### [Work to be completed]
Below are several records. Retype exactly those lines running from the one with "Zdjęcie satelitarne Probostwo Górne ul." through the one with "Photo 2B3CJ4DV3AH131168 - DODGE", end lines included, and no others.

Web page caption snippets
-------
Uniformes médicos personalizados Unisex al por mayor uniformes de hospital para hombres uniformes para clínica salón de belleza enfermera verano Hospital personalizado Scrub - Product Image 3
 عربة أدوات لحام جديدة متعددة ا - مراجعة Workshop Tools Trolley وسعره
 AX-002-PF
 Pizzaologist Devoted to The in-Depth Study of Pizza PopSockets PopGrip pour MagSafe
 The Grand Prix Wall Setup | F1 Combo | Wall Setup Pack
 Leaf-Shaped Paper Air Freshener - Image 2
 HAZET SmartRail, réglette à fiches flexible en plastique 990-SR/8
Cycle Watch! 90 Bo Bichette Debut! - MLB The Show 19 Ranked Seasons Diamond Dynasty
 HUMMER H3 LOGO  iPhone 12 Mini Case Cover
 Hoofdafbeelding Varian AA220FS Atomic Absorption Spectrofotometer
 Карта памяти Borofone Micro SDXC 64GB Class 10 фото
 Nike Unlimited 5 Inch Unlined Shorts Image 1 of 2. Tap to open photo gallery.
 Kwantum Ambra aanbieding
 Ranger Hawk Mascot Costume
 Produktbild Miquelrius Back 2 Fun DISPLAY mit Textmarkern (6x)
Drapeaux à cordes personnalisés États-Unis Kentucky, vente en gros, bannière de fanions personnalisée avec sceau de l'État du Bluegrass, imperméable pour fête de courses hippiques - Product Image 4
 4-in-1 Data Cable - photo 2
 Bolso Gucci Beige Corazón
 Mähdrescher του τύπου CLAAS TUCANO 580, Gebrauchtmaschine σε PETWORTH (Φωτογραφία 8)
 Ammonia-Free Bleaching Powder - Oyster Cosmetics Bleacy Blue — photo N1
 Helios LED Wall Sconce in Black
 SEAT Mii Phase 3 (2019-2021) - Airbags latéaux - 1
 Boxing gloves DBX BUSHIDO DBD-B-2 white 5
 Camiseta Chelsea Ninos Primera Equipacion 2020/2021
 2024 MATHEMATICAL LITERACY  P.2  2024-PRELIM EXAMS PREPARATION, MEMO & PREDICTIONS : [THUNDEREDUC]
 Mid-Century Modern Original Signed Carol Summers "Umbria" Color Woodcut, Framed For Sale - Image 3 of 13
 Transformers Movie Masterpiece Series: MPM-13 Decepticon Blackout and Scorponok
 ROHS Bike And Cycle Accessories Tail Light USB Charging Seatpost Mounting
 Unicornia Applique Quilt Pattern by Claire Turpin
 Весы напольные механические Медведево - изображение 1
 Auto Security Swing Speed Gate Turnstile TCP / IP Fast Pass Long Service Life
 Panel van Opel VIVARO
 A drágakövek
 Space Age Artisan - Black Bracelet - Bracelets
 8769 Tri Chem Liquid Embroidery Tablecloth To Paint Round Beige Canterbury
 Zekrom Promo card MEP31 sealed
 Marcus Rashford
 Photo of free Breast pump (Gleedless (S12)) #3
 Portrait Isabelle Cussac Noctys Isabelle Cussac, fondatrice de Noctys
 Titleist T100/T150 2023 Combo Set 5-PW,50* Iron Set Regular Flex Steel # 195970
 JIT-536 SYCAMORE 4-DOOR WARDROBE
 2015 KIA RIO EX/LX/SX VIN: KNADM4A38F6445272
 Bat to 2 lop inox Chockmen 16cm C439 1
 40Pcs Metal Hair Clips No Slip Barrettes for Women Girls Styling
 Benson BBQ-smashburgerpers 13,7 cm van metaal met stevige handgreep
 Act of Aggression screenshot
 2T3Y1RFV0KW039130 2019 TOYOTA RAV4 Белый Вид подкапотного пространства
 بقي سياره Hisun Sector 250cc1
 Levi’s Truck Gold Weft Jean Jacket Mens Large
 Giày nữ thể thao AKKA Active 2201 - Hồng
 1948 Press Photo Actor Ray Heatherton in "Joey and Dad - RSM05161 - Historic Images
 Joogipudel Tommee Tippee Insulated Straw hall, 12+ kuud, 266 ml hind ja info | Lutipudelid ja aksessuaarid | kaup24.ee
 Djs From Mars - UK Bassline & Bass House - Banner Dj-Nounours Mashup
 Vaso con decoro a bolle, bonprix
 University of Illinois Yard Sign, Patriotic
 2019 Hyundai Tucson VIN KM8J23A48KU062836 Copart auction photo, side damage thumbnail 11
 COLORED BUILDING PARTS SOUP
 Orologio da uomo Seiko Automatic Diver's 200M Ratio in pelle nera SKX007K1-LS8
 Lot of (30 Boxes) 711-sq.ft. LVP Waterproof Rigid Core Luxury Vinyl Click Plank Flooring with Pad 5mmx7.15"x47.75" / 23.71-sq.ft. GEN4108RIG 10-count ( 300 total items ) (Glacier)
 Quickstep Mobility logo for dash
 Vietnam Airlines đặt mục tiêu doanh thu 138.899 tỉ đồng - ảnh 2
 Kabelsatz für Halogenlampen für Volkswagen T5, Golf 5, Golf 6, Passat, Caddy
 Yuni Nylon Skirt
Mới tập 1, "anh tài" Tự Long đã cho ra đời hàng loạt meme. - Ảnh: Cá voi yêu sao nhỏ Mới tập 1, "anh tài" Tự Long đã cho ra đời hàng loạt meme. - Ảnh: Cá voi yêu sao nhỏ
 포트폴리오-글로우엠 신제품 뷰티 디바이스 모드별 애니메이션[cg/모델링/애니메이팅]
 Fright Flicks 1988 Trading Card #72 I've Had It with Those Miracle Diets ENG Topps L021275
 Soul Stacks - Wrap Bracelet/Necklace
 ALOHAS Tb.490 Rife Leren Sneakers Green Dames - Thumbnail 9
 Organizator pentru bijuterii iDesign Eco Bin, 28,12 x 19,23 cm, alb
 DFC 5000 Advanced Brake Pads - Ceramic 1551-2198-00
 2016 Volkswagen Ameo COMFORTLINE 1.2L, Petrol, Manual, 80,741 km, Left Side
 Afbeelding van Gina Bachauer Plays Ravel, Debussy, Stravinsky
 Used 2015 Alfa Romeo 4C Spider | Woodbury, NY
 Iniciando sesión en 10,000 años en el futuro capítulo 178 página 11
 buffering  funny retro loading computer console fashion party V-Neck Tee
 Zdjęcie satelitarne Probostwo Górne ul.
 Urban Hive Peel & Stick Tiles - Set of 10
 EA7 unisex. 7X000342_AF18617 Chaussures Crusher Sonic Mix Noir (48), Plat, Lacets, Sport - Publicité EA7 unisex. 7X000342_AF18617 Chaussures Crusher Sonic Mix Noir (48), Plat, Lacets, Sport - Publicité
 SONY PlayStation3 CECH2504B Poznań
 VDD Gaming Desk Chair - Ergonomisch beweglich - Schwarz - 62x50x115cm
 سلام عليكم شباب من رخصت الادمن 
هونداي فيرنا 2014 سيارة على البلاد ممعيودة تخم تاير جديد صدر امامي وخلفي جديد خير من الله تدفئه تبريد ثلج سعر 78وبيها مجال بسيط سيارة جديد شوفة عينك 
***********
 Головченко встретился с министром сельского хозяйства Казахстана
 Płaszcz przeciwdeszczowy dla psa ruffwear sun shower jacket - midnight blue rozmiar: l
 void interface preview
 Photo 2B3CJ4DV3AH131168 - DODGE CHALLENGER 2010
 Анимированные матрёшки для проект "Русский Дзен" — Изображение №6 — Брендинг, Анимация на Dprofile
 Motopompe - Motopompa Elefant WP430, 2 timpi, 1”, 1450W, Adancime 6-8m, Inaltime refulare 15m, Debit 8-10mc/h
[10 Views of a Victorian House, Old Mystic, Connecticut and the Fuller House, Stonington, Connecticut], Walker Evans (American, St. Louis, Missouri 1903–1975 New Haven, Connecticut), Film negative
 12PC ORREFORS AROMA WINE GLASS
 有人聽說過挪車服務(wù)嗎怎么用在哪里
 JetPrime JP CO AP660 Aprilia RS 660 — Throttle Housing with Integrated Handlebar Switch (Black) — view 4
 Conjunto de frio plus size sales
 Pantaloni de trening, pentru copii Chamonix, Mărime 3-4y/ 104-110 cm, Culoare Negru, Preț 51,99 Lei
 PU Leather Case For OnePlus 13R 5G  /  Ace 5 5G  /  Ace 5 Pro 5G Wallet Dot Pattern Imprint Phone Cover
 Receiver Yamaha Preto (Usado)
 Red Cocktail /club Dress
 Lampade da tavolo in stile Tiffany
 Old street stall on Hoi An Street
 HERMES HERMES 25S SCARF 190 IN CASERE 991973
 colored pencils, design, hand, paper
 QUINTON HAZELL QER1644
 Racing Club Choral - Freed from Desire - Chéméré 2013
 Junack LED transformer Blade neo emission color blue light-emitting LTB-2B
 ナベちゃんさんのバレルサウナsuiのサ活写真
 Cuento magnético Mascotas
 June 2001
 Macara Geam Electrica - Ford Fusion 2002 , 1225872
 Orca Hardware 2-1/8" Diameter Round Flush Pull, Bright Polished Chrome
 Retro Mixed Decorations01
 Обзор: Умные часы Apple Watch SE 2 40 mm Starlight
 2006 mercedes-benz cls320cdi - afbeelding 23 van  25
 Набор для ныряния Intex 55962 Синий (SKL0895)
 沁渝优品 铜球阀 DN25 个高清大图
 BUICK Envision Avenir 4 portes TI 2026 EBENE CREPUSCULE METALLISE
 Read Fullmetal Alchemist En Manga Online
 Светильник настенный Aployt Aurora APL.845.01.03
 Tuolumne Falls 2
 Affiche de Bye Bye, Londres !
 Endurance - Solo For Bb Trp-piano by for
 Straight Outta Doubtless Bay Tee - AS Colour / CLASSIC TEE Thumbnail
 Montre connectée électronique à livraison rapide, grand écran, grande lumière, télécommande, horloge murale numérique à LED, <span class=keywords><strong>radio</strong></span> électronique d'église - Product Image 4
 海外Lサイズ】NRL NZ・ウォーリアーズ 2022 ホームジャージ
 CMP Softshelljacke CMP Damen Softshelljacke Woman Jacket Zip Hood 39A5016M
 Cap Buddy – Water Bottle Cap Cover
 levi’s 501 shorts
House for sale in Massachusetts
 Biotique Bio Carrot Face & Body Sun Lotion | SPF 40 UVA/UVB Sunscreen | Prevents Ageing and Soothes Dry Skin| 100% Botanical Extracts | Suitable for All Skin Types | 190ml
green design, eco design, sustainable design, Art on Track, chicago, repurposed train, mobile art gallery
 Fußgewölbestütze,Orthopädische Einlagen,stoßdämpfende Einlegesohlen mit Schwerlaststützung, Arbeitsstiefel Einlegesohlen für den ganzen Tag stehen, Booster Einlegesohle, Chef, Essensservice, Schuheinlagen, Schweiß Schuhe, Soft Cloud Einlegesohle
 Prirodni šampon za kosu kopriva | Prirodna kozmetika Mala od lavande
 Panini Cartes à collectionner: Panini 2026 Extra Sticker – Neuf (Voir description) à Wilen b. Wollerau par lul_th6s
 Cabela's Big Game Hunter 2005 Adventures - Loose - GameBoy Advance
-------
### [Answer section]
 Zdjęcie satelitarne Probostwo Górne ul.
 Urban Hive Peel & Stick Tiles - Set of 10
 EA7 unisex. 7X000342_AF18617 Chaussures Crusher Sonic Mix Noir (48), Plat, Lacets, Sport - Publicité EA7 unisex. 7X000342_AF18617 Chaussures Crusher Sonic Mix Noir (48), Plat, Lacets, Sport - Publicité
 SONY PlayStation3 CECH2504B Poznań
 VDD Gaming Desk Chair - Ergonomisch beweglich - Schwarz - 62x50x115cm
 سلام عليكم شباب من رخصت الادمن 
هونداي فيرنا 2014 سيارة على البلاد ممعيودة تخم تاير جديد صدر امامي وخلفي جديد خير من الله تدفئه تبريد ثلج سعر 78وبيها مجال بسيط سيارة جديد شوفة عينك 
***********
 Головченко встретился с министром сельского хозяйства Казахстана
 Płaszcz przeciwdeszczowy dla psa ruffwear sun shower jacket - midnight blue rozmiar: l
 void interface preview
 Photo 2B3CJ4DV3AH131168 - DODGE CHALLENGER 2010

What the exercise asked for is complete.